# Davidoff 3x3 ?



## JRM (May 19, 2007)

Anyone try one of these guys yet? I picked one up at Hi-Times Wine cellars in Newport Beach this afternoon. My gal wanted to go wine shopping(if you are a wine fan this place is heaven. they have a huge bi-level wine cellar) so I spent 20 min or so browsing sticks. They have a huge walk in, just about everything you can imagine is in stock.

I met a guy that was asking me where to find the Davidoff Tubes. I was a bit confused as they have a ton of davidoff stuff right up in the front. I pointed them out and he told me he was looking for the silver tubes? Hmmm. One of the proprietors came in shortly after and told him they just received a shipment and they were in the humi by the check out counter. They were tubed, labled as Davidoff seconds and as cheap as you can find a hand rolled here in CA. The kid at the counter said that he had been selling a ton of them. I grabbed one of the robustos. I did a quick search and couldn't find much about these sticks. I did find an online shop carrying them though.

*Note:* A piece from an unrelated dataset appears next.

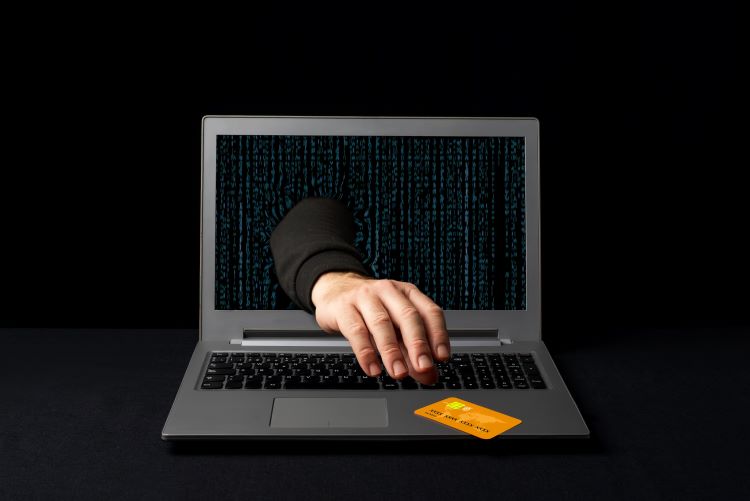 A hand reaching through a laptop screen to steal a credit card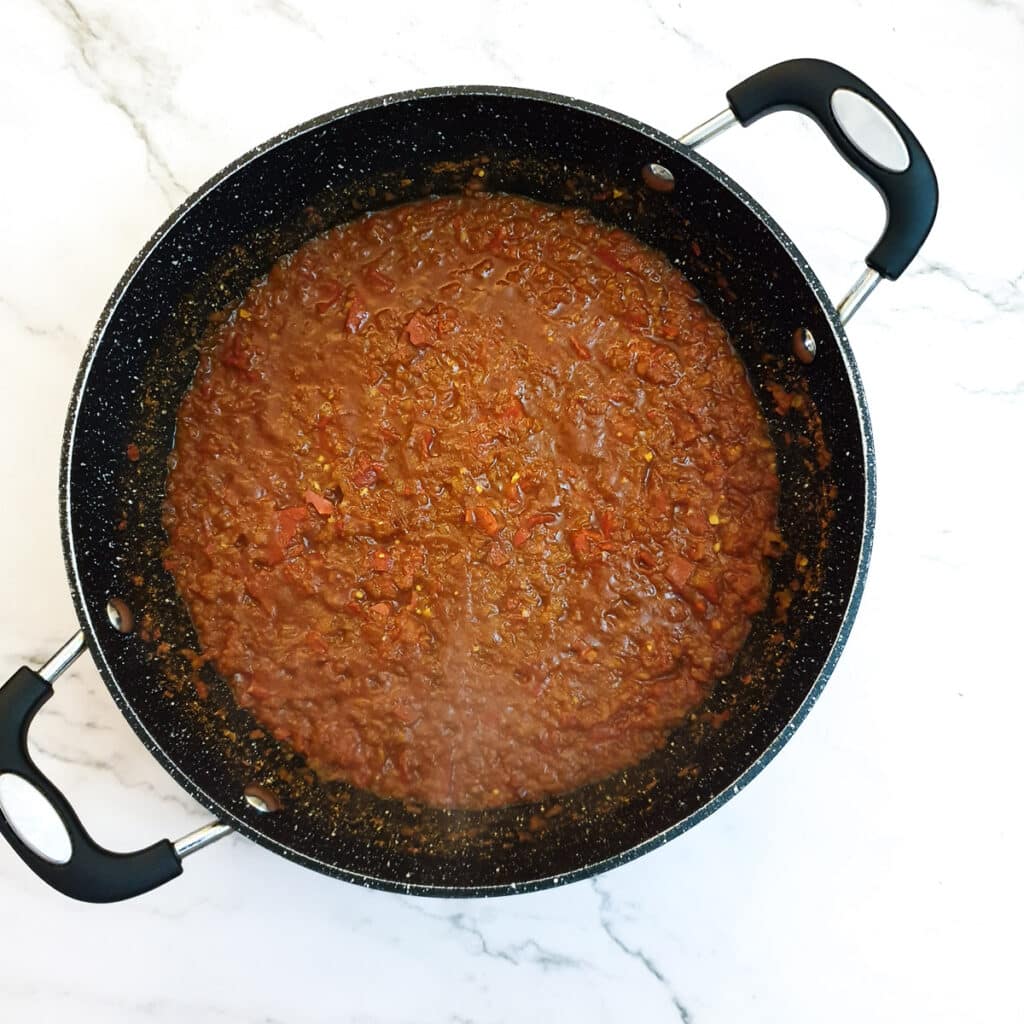 Red pepper and onion curry paste in a frying pan.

http://www.cupojoes.com/cgi-bin/spgm?dpt=H&srch=KW&item=dav005834

I'll smoke this guy soon and give my best shot at a review. Hope you all are enjoying your weekend.


----------



## SmokinApe (Jun 20, 2007)

Check TXMatt's Cheap Smokes Thread, there is some info there...


----------



## JRM (May 19, 2007)

Thanks for the heads up. I haven't check out that thread lately.


----------



## livwire68 (Oct 2, 2006)

I tried one of these about a year and a half back. At the time it was not bad, but I think now a days it would be too light for me. These are made by Hendrik Kelner in the AVO/Davidoff factory (seconds) I believe. They also make a 4x4 which is a bundle, non-tubed. You can also get them here with about the best price also.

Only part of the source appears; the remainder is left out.